Key Features of Alibaba Wan 2.6

  • High-resolution output: The model supports 1080p video generation with options for landscape (1920×1080) and portrait (1080×1920) formats.
  • Multi-shot composition: It can automatically segment complex scenes into coherent sequences with fluid shot transitions.
  • Audio synchronization: It accepts WAV or MP3 files (3 to 30 seconds) for voice-over or music that is realistic and perfectly lip-sync.
  • Flexible duration control: It generates videos from 5 to 15 seconds to match the platform and narrative pacing.
  • Prompt expansion: It is integrated with optional AI-powered prompt refinement that intelligently interprets creative intent and then adds visual detail automatically.
  • Reproducible outputs: Its seed-based generation ensures consistent results across iterations.

Best Use Cases

  • Social media content: Creators can use it to create engaging TikTok, Instagram Reels, and YouTube Shorts without filming equipment.
  • Marketing and advertising: They can generate product demos, explainer videos, and campaign assets with brand-consistent visuals.
  • Educational content: It is an asset that can transform lesson scripts into visual narratives with synchronized voiceovers.
  • Prototyping and storyboarding: It is excellent to rapidly visualize concepts for client presentations or internal reviews.
  • E-commerce: Teams can utilize it to produce dynamic showcase videos to highlight products' features and benefits.

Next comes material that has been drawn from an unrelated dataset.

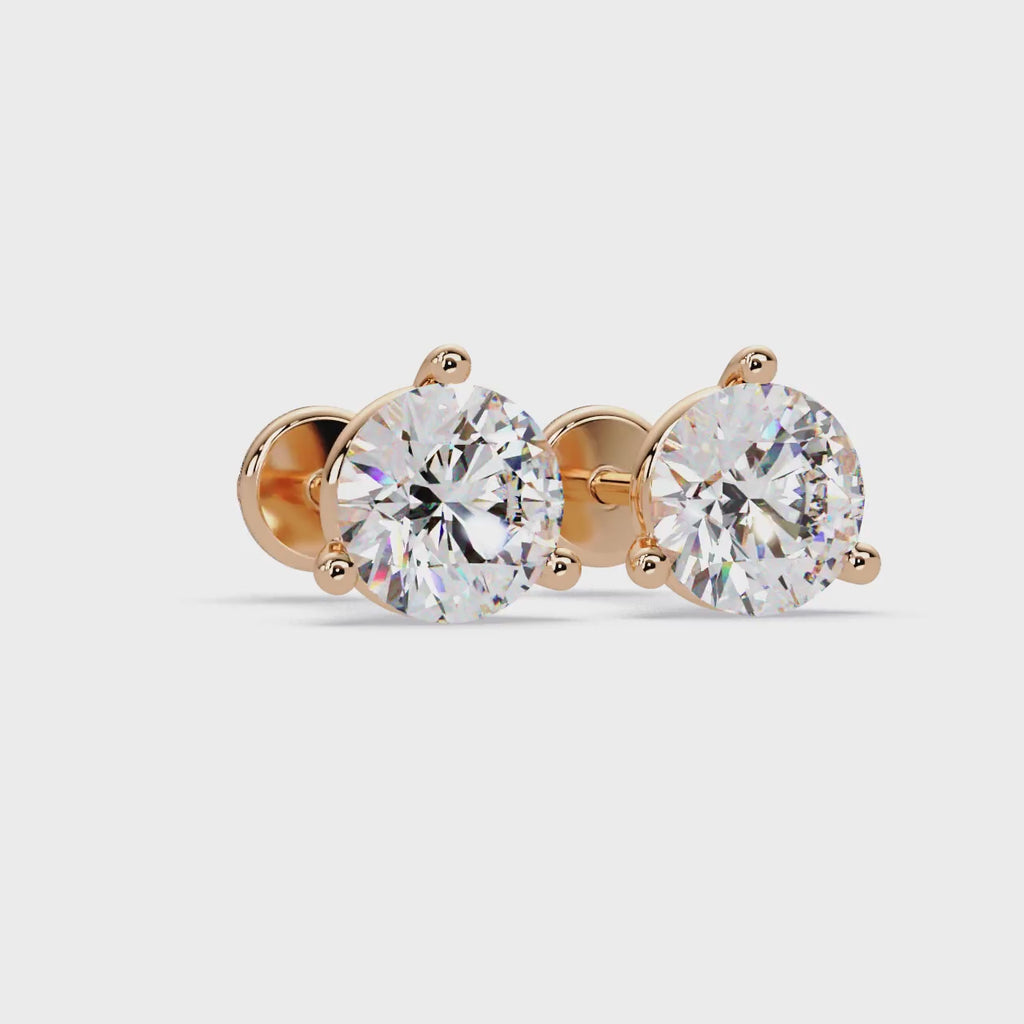Round Brilliant Solitaire Diamond Stud Earrings – Screw Back | 2.57 CTW | ERCAD-002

Prompt Tips and Output Quality

Writing effective prompts:

  • Specify visual style, lighting, and camera angles (e.g., "cinematic close-up with warm backlighting").
  • Describe character actions and scene transitions clearly in detail for multi-shot sequences.
  • Reference art styles or technical specifications like "4K visuals" or "shallow depth of field."

Parameter recommendations:

  • Keep enable_prompt_expansion on for richer visual detail and better scene interpretation.

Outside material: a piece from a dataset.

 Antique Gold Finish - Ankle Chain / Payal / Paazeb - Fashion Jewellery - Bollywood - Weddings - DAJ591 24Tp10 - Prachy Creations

  • Use multi_shots for narrative content that requires multiple perspectives or scene changes.

  • Set duration to 15 seconds when telling complex stories; use 5 seconds for simple product shots.

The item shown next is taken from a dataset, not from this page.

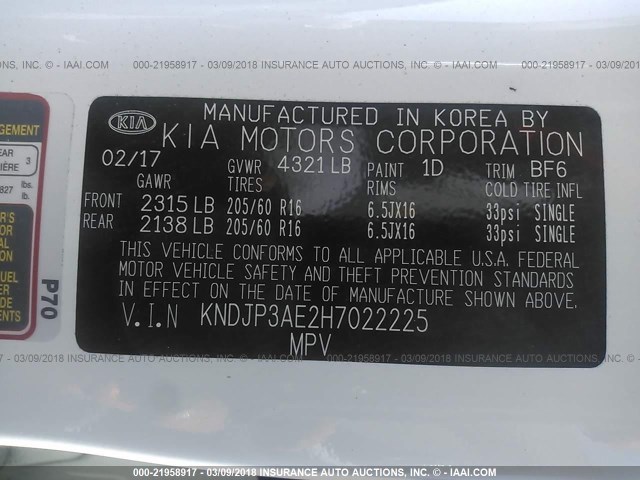 KNDJP3AE2H7022225 - 2017 KIA SOUL EV + WHITE photo 9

  • Choose 1920×1080 for YouTube and presentations; 1080×1920 for mobile-first platforms.

  • Leverage negative_prompt to exclude unwanted elements like "blurry, low quality, distorted faces."

  • For reproducible results, lock the seed value.

  • When iterating, adjust only one parameter at a time to understand its impact.

FAQs

Is Alibaba Wan 2.6 open-source?
No, Wan 2.6 is a proprietary model developed by Alibaba. It is accessible through API integrations and platforms like Segmind.

How does Wan 2.6 compare to other text-to-video models?
Wan 2.6 stands out with its gamut of capabilities that include: native audio synchronization, realistic lip-sync capabilities, and superior multi-shot composition compared to single-scene generators. Additionally, its character continuity across shots rivals models used in professional production pipelines.

What audio formats does it support?
The model accepts WAV and MP3 files between 3 and 30 seconds. It supports frame-by-frame audio synchronization for accurate lip movement and timing.

Can I control the video aspect ratio?
Yes, you can choose from four presets: 1280×720, 720×1280 (vertical), 1920×1080 (landscape), or 1080×1920 (portrait) based on the specific platform.

What parameters should I tweak for the best results?

  • Start with a good prompt, i.e, it should be detailed with action-oriented descriptions for the best result.
  • You can enable prompt expansion for automatic enhancement.
  • Use multi_shots for complex narratives and adjust duration based on content density.
  • Fine-tune negative prompts to eliminate specific visual artifacts.

Does the seed parameter affect video content?
Yes, using the same seed with identical parameters produces consistent outputs; it is essential for A/B testing prompts or to maintain brand consistency across video variants.